After a couple of days, when my body finally embraces the idea of having a little nourishment, it’s a far cry from my beloved sea vegetable salads or green shakes. The last thing I think about is jumping back to where I left off. I become scared of food, even raw, even water. During this last experience, my husband made me a small portion of plain spaghetti as my first post-attack meal, the only thing that was appealing whatsoever and it did taste so good! Eventually being able to add a little tomato sauce was nice, too. I started to make a comeback slowly but surely, but my energy was down and I still had an aftermath of dull pain in my abdomen, accompanied by smaller relapses. So, I pop some more Vicodin or Percocet and it’s all better.
By day 3 to 4, I’m ready to get out of bed and begin the recovery process but my body is now completely out of whack. I have no energy in the morning, so I regress to another little bad habit I’ve been on and off with: Excedrin. They have caffeine cleverly mixed into the acetaminophen/aspirin cocktail that gives you a nice brain boost that’s lots better than coffee. Take some Excedrin and you can write a thesis in an hour and clean your whole house top to bottom in another! I’m also still not eating much, except spaghetti and other bland cooked foods, supplemented with Vicodin here and there. Do you see the vicious cycle here?

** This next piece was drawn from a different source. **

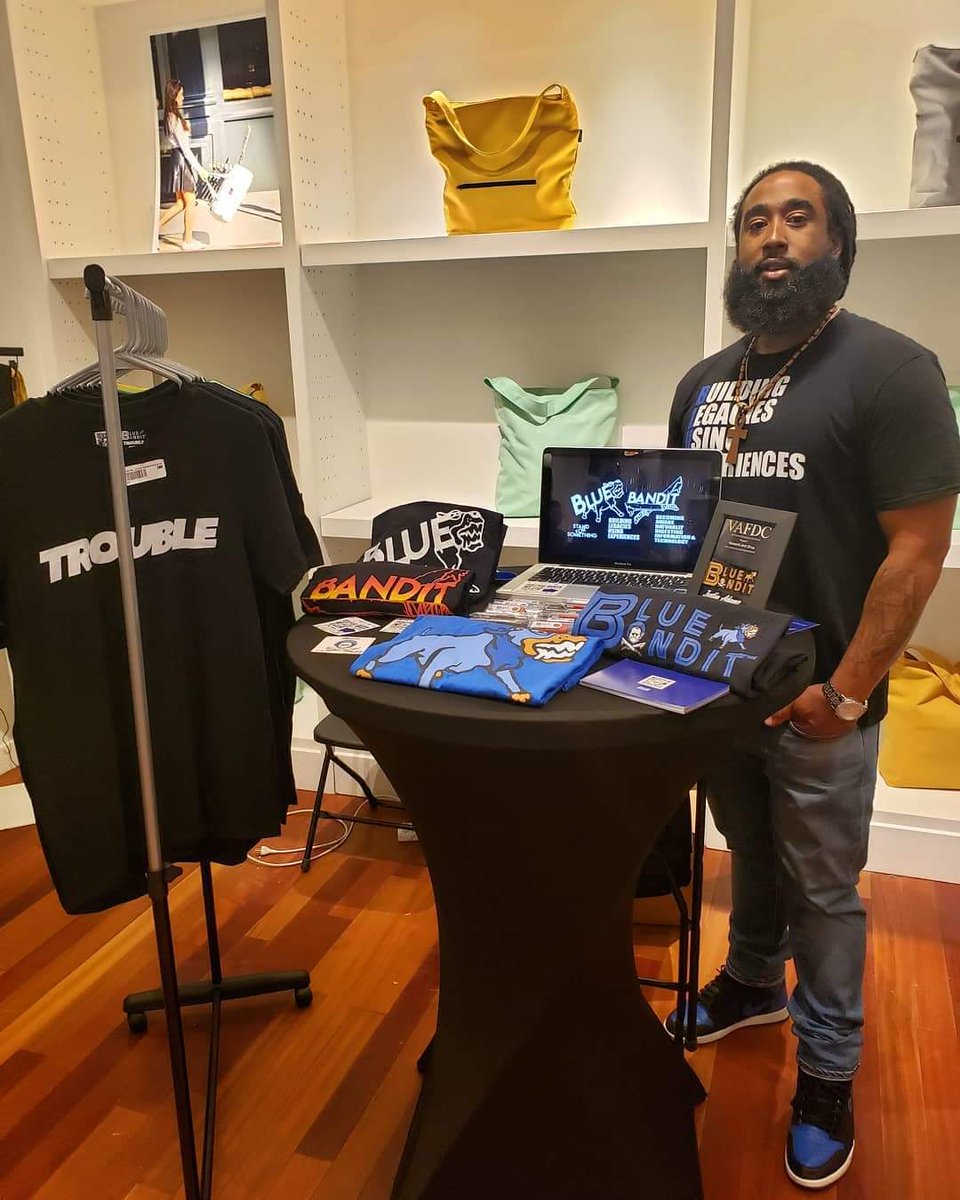 DesignersVa's tweet photo. @bbeshop757 AT The #VAFDC Pop-up Shop - Check Out Their Website https://t.co/cQNI8Q0kad For All Their Products
_
Photo Cred: @wallflwer_photo
_
#VAFDC #757 #network #brand #fashion #style #urbanwear #shop #bluebandit #kotd https://t.co/p1R7znpbpq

As the week progresses, I feel better and better abdominally and I slowly incorporate raw foods again. However, it becomes a little challenging to ween myself off of the drugs that were carrying me along.
It has been 3 weeks now since the beginning of the last attack, and I’ve been eating hi-raw since Sunday with no painkillers and no Excedrin. Naturally, the detox process came on fast and intense. I’ve gotten quite comfy on the loo again, my magazine rack is stocked. I’ve got surprise little blemishes on my face and chest every morning. I get frequent little annoying headaches that say, “Just feed me two Excedrin!” and I say, “DO shut up!” My menses are off again as I am spotting mid-cycle. And at night I get weird all-over body sensations like heart palpitations and restless legs. That’s been my week this week.

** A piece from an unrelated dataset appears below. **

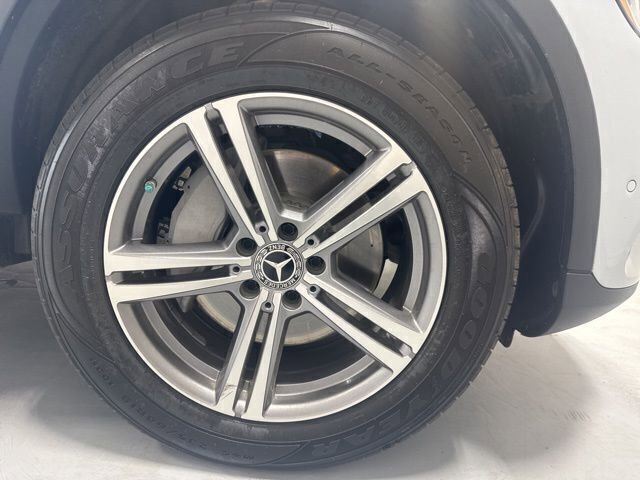Used 2021 Mercedes-Benz GLC 300 4MATIC image 5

At this moment, I’m trying so hard to stand still in the middle of this swirling vortex of my life. No worrying, no projecting, no what-if’s. I feel better now than I have felt in a month! And in just a short 8 days, I will be traveling virtually constantly for a month straight. I could easily let myself worry about things like:
1) Will our house be okay (even though mom-in law and our resident spiritualist will be staying here)? Will the PB’s (punk bastards) drive them nuts and try to have wild parties even though they know better?
2) Will a business crisis occur to which we are not home to address?

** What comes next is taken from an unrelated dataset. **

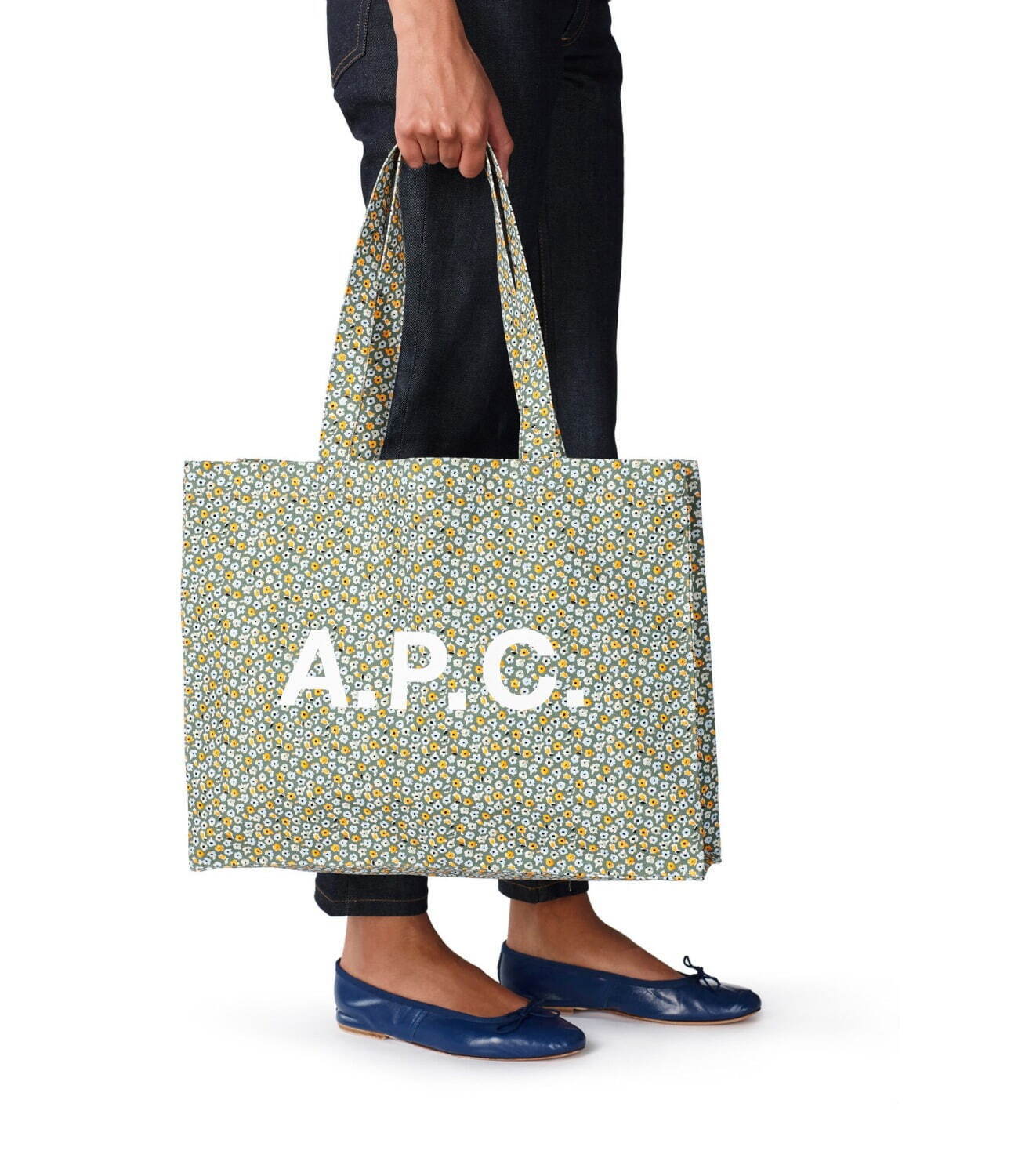 A.P.C.レザーグッズ刻印サービスが全国で、人気バッグ＆ウォレットや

3) How will I manage my raw and prevent a health crisis from occurring while I am on a cruise ship or in freakin’ Croatia?
But now, Julie, what is all that worrying going to do except add stress, therefore potentially beginning the cycle all over again? I have to stay present. Stay present. Stay present. Be grateful. Feel love, be love. Embrace light. Embrace health, once and for all.